=== DATASET EXCERPT ===
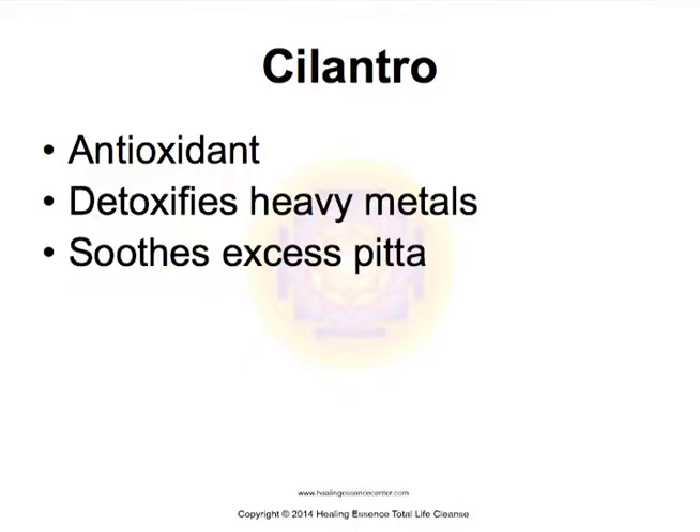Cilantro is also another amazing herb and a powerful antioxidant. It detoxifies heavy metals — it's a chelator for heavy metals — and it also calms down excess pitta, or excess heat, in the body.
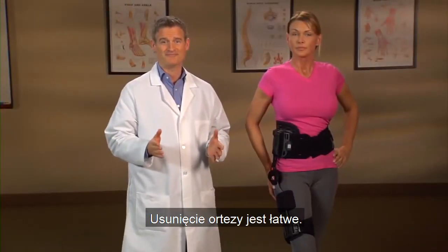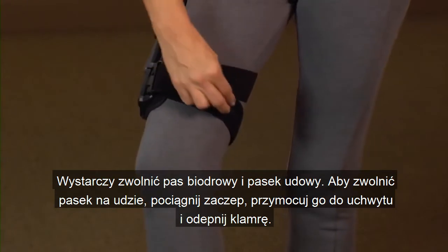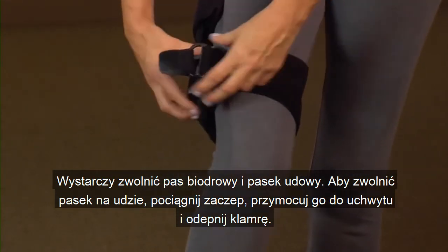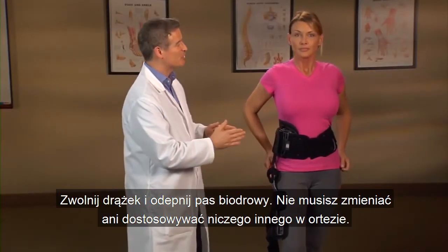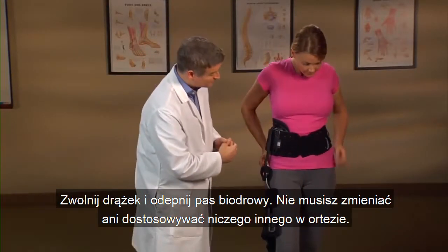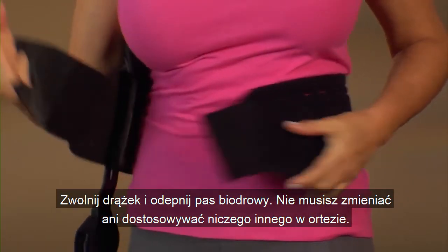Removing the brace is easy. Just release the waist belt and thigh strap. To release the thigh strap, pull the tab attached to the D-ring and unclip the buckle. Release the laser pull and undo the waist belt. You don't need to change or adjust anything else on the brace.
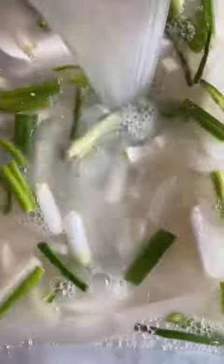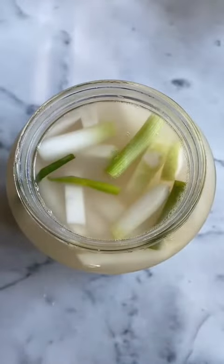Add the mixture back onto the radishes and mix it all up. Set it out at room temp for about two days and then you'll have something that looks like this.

=== EXERCISE ===
The whole listing is to be duplicated verbatim, apart from its images.

=== EXPECTED ANSWER ===
Cilantro is also another amazing herb and a powerful antioxidant. It detoxifies heavy metals — it's a chelator for heavy metals — and it also calms down excess pitta, or excess heat, in the body.
Removing the brace is easy. Just release the waist belt and thigh strap. To release the thigh strap, pull the tab attached to the D-ring and unclip the buckle. Release the laser pull and undo the waist belt. You don't need to change or adjust anything else on the brace.
Add the mixture back onto the radishes and mix it all up. Set it out at room temp for about two days and then you'll have something that looks like this.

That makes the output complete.